Data supplied.
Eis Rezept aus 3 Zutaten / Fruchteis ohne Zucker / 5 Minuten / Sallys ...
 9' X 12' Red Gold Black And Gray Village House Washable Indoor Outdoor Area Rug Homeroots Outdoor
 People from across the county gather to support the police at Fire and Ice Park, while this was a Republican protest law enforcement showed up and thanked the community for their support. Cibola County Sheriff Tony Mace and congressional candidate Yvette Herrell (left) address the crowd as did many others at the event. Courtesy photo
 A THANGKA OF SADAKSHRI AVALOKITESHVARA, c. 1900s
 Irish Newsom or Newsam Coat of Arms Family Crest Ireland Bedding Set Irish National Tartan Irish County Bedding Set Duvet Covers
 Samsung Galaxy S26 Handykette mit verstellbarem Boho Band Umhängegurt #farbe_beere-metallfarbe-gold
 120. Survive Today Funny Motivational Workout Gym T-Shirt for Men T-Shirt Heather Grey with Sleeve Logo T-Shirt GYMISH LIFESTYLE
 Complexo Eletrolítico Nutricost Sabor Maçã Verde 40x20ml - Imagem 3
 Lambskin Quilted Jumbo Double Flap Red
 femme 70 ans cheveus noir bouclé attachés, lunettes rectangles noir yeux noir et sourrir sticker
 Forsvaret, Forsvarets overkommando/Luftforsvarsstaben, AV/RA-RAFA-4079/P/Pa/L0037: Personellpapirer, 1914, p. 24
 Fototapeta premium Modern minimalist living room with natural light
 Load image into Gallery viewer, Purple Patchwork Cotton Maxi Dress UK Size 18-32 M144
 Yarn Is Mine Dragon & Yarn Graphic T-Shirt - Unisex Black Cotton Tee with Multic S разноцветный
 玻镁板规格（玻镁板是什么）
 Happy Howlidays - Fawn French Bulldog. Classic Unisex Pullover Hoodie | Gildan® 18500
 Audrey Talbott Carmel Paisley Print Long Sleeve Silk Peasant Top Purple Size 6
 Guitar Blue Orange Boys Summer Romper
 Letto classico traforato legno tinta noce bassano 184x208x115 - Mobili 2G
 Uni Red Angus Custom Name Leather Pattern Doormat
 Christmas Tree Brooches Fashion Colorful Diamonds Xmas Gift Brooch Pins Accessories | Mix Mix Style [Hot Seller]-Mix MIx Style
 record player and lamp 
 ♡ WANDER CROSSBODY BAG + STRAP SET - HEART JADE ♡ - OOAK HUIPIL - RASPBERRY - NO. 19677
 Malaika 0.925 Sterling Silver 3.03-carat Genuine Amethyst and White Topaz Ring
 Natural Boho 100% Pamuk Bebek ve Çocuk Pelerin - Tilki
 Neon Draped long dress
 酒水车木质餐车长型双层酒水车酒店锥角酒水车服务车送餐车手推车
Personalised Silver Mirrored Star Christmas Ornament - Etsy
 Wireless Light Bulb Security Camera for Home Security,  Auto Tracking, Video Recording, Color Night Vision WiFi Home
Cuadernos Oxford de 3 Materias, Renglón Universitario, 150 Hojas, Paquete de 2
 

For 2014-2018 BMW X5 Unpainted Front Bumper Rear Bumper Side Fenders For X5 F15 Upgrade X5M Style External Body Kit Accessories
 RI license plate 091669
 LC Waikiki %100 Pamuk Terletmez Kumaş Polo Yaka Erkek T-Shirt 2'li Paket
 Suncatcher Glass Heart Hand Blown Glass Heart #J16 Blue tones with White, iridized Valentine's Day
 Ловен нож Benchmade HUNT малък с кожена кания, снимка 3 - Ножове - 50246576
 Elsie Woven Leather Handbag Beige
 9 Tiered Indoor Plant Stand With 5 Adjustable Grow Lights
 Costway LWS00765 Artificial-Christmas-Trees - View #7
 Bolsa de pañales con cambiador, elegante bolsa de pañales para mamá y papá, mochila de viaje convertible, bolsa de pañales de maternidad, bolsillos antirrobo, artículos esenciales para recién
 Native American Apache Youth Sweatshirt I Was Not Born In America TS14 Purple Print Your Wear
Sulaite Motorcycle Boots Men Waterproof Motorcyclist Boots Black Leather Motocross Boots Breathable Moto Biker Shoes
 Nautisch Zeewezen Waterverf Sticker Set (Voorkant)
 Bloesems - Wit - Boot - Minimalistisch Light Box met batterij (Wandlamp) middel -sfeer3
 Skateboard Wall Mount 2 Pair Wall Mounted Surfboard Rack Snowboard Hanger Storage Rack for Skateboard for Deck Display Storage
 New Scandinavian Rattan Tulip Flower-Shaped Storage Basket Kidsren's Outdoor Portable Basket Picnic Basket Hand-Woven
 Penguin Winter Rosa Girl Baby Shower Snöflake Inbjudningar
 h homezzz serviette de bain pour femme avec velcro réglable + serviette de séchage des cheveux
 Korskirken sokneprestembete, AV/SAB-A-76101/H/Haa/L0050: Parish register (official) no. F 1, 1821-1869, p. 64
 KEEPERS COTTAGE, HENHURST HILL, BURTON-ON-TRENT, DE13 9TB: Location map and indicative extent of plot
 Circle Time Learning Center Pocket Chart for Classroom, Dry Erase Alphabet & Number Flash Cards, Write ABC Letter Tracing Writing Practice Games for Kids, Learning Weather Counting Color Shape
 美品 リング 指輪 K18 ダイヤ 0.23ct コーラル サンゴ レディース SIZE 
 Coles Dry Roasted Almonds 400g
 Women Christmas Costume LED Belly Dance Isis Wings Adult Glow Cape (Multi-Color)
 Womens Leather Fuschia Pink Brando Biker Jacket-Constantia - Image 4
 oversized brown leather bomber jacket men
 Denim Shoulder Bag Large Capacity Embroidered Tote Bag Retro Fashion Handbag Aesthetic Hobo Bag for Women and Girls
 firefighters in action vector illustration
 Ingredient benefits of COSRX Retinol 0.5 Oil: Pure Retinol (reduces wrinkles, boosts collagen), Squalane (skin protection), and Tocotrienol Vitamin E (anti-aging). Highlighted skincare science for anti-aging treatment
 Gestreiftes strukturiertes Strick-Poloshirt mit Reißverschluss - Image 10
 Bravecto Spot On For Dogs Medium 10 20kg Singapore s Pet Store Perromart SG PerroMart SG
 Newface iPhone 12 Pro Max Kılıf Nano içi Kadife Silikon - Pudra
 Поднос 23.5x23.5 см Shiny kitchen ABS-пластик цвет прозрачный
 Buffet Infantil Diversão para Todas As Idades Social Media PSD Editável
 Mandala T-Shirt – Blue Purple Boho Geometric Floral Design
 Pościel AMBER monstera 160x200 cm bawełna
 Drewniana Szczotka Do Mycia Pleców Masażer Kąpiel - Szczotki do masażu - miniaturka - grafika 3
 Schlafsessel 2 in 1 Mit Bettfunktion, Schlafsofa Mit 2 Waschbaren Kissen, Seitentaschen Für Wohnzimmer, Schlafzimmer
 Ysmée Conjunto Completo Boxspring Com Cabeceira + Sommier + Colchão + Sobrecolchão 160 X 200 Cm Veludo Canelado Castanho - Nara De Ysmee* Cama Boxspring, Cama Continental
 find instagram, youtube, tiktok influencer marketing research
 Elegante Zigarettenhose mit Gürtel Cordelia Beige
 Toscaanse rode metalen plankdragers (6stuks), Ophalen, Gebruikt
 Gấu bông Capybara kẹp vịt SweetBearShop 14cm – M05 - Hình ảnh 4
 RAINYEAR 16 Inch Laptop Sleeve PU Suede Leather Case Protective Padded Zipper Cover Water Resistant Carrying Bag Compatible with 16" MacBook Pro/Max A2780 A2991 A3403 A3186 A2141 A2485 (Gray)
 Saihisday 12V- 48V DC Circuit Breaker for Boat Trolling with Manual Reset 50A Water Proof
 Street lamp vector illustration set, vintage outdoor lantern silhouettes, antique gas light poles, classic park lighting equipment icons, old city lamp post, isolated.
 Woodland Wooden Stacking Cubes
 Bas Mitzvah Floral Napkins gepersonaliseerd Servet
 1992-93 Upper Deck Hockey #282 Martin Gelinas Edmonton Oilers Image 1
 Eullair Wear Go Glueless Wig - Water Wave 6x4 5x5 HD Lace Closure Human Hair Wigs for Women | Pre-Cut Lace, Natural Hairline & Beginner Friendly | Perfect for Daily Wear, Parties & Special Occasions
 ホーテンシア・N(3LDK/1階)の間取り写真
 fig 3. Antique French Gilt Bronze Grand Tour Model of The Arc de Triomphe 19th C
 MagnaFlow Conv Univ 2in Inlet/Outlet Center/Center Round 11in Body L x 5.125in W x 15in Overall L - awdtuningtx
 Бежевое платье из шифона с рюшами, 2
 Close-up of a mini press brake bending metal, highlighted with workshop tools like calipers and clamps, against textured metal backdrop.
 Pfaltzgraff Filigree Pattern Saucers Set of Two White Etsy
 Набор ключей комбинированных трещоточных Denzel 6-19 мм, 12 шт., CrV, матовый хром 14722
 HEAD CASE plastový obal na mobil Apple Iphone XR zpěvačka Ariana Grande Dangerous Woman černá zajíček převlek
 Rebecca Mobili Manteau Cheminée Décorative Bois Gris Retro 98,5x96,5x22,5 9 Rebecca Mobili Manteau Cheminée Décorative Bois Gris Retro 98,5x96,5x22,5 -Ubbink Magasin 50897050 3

Assigned task. Looking at the records above, which lines contain "Fashion"? Copy those lines.

Task result.
 Christmas Tree Brooches Fashion Colorful Diamonds Xmas Gift Brooch Pins Accessories | Mix Mix Style [Hot Seller]-Mix MIx Style
 Denim Shoulder Bag Large Capacity Embroidered Tote Bag Retro Fashion Handbag Aesthetic Hobo Bag for Women and Girls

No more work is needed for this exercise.